Curious Climate Tasmania
A public-powered scientific engagement project that has successfully bridged the gap between experts and communities by providing local people with credible, relevant information about climate change
Tasmania, Australia | 1 June 2019 – 30 July 2019
Curious Climate Tasmania was born with the aim of catalysing climate conversations between scientists and the community – flipping the more conventional ‘knowledge deficit’ model of science communication to a more ‘dialogic’ model. Specifically, the purpose of the project was to ask the community members what they wanted to know about climate change first, before preparing extensive media content and hosting public events to provide science-based responses to these specific questions.

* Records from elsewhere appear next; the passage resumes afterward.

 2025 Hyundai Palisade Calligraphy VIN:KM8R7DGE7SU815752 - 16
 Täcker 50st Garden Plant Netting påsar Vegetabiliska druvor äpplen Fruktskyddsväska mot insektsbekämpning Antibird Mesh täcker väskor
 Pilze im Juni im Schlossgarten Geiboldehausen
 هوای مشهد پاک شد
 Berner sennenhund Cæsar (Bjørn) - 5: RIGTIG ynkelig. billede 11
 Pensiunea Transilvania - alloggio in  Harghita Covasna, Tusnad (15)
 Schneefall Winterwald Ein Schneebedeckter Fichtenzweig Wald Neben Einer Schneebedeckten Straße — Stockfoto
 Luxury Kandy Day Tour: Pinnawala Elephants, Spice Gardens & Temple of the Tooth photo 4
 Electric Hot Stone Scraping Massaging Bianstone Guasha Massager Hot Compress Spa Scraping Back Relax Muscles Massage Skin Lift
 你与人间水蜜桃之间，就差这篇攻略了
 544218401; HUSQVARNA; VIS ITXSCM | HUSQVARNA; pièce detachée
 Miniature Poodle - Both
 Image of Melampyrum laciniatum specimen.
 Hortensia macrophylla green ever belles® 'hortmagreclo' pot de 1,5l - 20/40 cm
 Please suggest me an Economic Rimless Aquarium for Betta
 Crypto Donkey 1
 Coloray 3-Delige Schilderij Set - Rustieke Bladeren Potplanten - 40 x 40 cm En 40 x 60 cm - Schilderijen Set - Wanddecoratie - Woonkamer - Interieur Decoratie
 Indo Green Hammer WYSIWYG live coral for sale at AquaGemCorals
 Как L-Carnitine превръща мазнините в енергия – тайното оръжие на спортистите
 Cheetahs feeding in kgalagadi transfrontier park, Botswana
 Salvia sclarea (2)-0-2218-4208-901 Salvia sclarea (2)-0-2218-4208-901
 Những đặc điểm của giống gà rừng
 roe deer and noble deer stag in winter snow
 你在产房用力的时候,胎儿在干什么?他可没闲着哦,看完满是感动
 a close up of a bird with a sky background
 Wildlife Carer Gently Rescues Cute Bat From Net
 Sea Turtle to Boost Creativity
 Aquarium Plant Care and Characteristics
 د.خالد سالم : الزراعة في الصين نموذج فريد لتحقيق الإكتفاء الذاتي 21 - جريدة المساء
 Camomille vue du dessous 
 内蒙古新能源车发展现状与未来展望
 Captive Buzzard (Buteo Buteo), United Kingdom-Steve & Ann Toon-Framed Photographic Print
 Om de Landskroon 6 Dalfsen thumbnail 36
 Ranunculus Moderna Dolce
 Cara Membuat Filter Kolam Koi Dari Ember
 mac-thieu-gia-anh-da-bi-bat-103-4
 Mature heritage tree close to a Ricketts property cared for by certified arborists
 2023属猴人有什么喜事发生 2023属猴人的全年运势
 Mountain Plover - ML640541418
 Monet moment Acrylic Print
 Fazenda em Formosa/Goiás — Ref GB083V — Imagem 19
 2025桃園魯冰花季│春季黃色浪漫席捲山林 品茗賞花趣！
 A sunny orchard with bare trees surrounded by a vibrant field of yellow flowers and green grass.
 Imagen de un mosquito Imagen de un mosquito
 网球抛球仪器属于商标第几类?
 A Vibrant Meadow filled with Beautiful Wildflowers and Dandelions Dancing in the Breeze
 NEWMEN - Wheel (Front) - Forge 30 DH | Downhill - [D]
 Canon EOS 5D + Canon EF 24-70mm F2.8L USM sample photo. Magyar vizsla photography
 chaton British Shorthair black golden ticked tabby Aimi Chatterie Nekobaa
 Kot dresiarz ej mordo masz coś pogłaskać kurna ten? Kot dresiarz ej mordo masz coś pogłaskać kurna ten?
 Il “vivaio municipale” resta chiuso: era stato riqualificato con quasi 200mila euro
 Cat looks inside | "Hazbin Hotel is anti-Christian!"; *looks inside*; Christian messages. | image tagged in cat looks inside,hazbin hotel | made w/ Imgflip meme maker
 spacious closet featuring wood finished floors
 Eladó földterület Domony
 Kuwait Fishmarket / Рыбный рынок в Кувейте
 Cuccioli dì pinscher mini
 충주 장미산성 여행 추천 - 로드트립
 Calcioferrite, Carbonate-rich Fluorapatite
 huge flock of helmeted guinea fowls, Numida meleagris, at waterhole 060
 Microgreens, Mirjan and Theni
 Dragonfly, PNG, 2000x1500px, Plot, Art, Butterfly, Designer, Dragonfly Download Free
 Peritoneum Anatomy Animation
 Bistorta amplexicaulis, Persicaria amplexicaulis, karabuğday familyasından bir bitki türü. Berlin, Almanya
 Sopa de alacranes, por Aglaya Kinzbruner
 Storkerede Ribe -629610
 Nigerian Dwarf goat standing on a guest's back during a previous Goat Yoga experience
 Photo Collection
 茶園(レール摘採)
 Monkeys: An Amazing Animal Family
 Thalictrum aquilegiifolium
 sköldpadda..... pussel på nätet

Our project was led by the Centre for Marine Socioecology (CMS) in partnership with Australia’s public broadcaster, the Australian Broadcasting Corporation (ABC), and Tasmanian scientific organisations. It brought together researchers with expertise in marine and terrestrial ecology, agriculture, psychology, economics, social science, journalism, climate science and more. Through ABC’s online platform, we asked Tasmanians what climate change questions they wanted answered – more than 300 questions were received! We responded to these in two ways – first, via special weekly live radio programmes, 25+ live radio interviews with the Curious Climate Tasmania team (discussing human health, diet, renewable energy, infrastructure, emergency management, etc.), and weekend sessions on interests including gardening and birdwatching. Together, we also produced digital news articles, which reached more than 100,000 readers!
Second, we conducted a science roadshow. We created teams who travelled to local events held across the state to specifically address locally-requested questions. Almost 600 Tasmanians attended the events – exit surveys showed 90% highly trusted the information they learned, and 93% wanted to attend more Curious Climate events. Climate conversations, as achieved through Curious Climate Tasmania, can foster relationship-building between scientists and communities and help to develop genuine connections and share climate change knowledge in locally-relevant and meaningful ways.